Monday, 24 December 2012

The Casual Vacancy


I promised to write something about JK Rowling's adult effort, so here we go.  

Put simply, I just didn't get it. This book as the archetypal 'Curate's egg', some sections were beautifully while some (the excruciating sex scenes for example) were sub-sixth form twaddle.


The main thing I didn't get though was the actual setup, the machinery that (supposedly) drove the plot. The 'Parish Council' for example seemed to have more in common with a town or borough authority than the purely parochial parish setups in most villages. Even more confusingly the 'local councillor' would have fitted the role of patrician MP equally well, if not better.

Another thing that grated was the underlying suggestion that poor people live in grinding misery alongside their grinding poverty.

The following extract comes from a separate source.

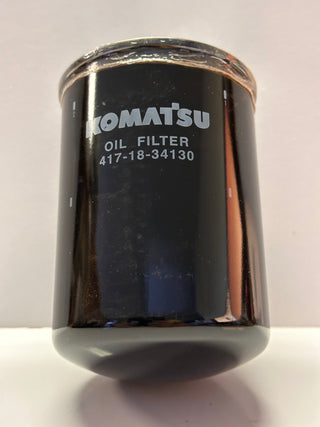 KOMATSU 417-18-34130 Oil Filter Cartridge, Spin On
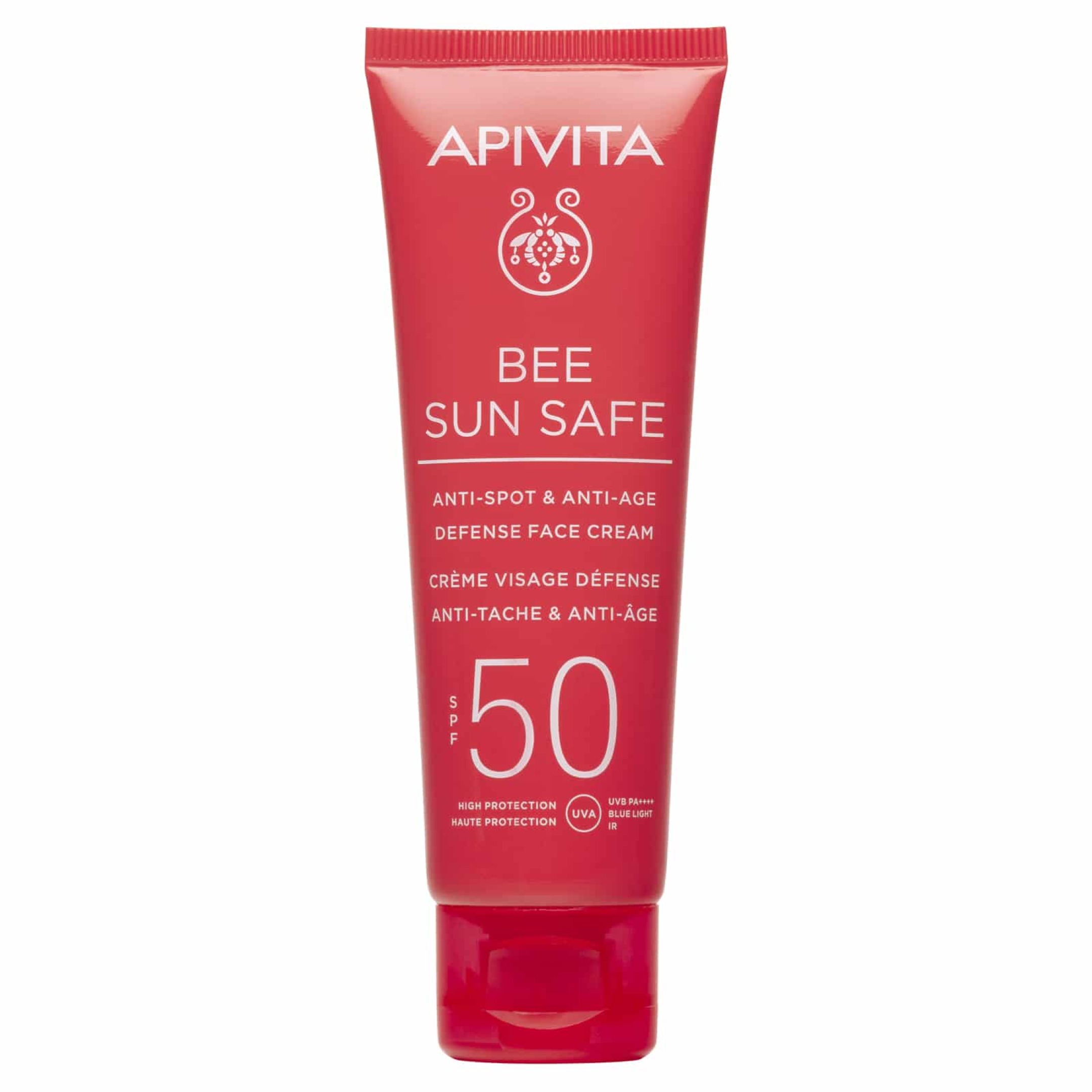 BEE SUN SAFE ΚΡΕΜΑ ΠΡΟΣΩΠΟΥ ΚΑΤΑ ΤΩΝ ΠΑΝΑΔΩΝ & ΤΩΝ ΡΥΤΙΔΩΝ SPF50 0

In my experience, they have as much fun - possibly more - than the perpetually hassled middle class who are the real miseries. To be fair, Rowling doesn't let them have much fun either.

We'll gloss over large parts of the book being set in a secondary school with teenage protagonists. Some of the younger characters rang true and others really didn't.  Looking at the adults, having a grossly fat shopkeeper worked to an extent, but a deerstalker?  Perhaps how peculiar it would look was exactly what she was after?  I just wanted to know whether the flaps were left up or down, something which I believe the narrative didn't relate.

It's a long, long book and it dragged in many places.  The thin plot strands weren't enough to carry this relatively large coterie of characters really.  And what characters they were, the self-obsessed wife-beating criminal from the print works. The muesli-knitting sandal-wearing terrible single parent from That London.  The drug-addled prostitute from the estate who for some reason has a mother who didn't go 'bad' and is fairly saintly until she is killed by the Indian doctor.  They came across as mere ciphers or loose cliches rather than true 'characters'. Oh, and the daughter of the Indian doctor is an unhappy teenager who self-harms, what were the chances of that?

I have read many, many worse books than this and is a testament to there being something of interest there that I finished it.  On many occasions I have given up a short way into this sort of thing.  That's why it is interesting to look at why this is such a dud (which undoubtedly it is).  A first question is how to categorise the book.  It flits from genre to genre lightly, never really making its mark anywhere.  This is no cosy 'Aga saga', it certainly isn't 'chick-lit'.  The racier content shows that it is definitely aimed at an adult audience and it times it seems to flirt close to being polemic, prose flecked with rage with regard to rural drug treatment centres and poverty.

Parts of the plot held up surprisingly well, particularly the reemergence of the stolen computer at crucial point late on.  Conversely the sections on the various people 'hacking' the Parish Council messageboard felt like they were written by someone that could barely write an email, they clunked enormously.


There also seems to be an attempt to hark back to earlier periods of fiction.  The works of Jane Austen and Elizabeth Gaskell came to mind at moments and the myriad detail of council business give rise to thoughts of the ecclesiastical machinations of Trollope.  The overwritten chapters and overall bulk of the thing reminded me of why sometimes I can't bear some of the weightier tomes from Charles Dickens.

So, all things considered, how could that have been a better read?  A simple way would have been to realise that there is humour in even the bleakest of situations and that it doesn't half help a plot move along.  Alternatively, if you are going to create a cast of grotesques, then forget humour and go for all out scabrous comedy.  About half way through I found myself wishing Tom Sharpe had been let loose on this crowd.  That would have quite a read.


The casual vacancy? The missed opportunity more like.